-------- DATA UNDER STUDY
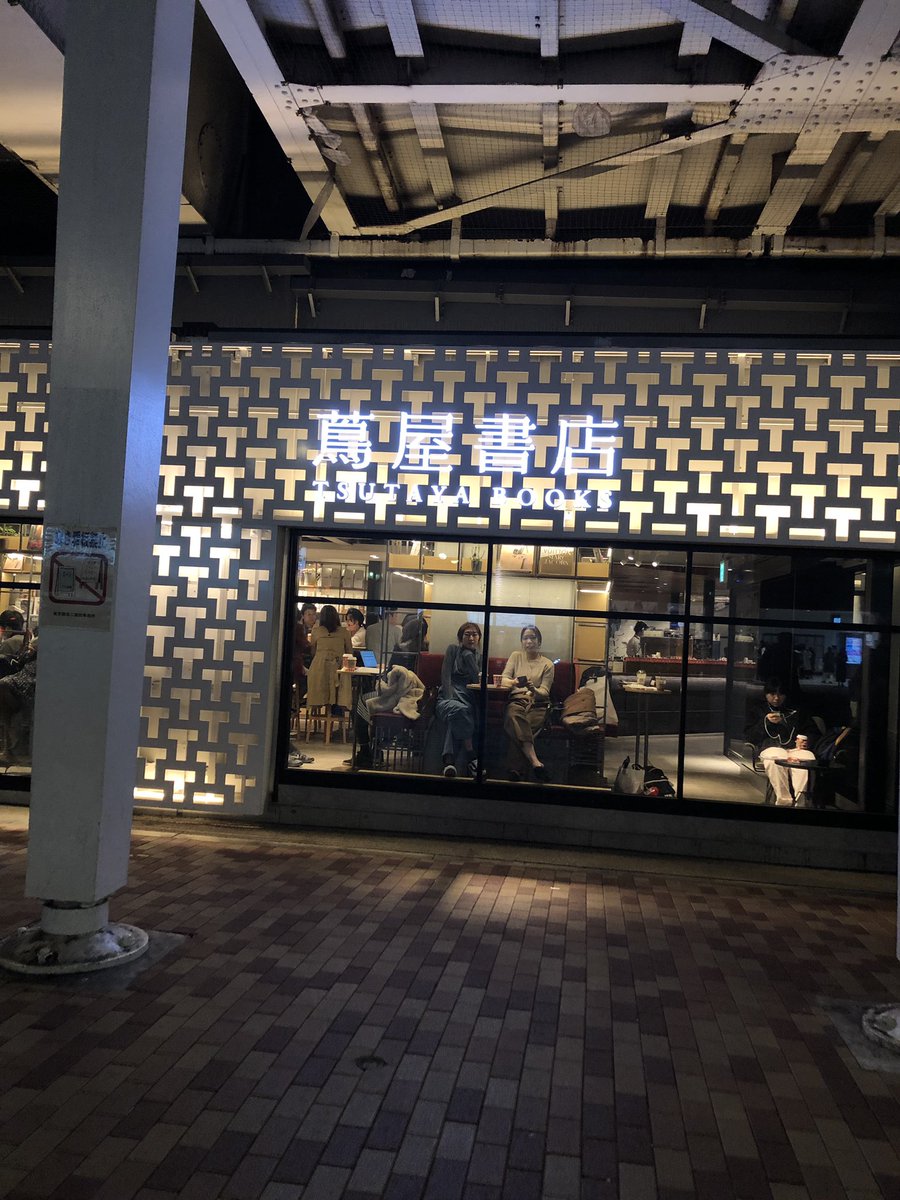 kiriyamaragain's tweet image. 中目黒と六本松の共通点。

駅降りてすぐ蔦屋書店ある。
ちなみにここは中目黒
（六本松は蔦屋の写真撮るの忘れた）
#六本松
#baramon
----------------
Please print every record above exactly, but leave the pictures out.

RESPONSE
 kiriyamaragain's tweet image. 中目黒と六本松の共通点。

駅降りてすぐ蔦屋書店ある。
ちなみにここは中目黒
（六本松は蔦屋の写真撮るの忘れた）
#六本松
#baramon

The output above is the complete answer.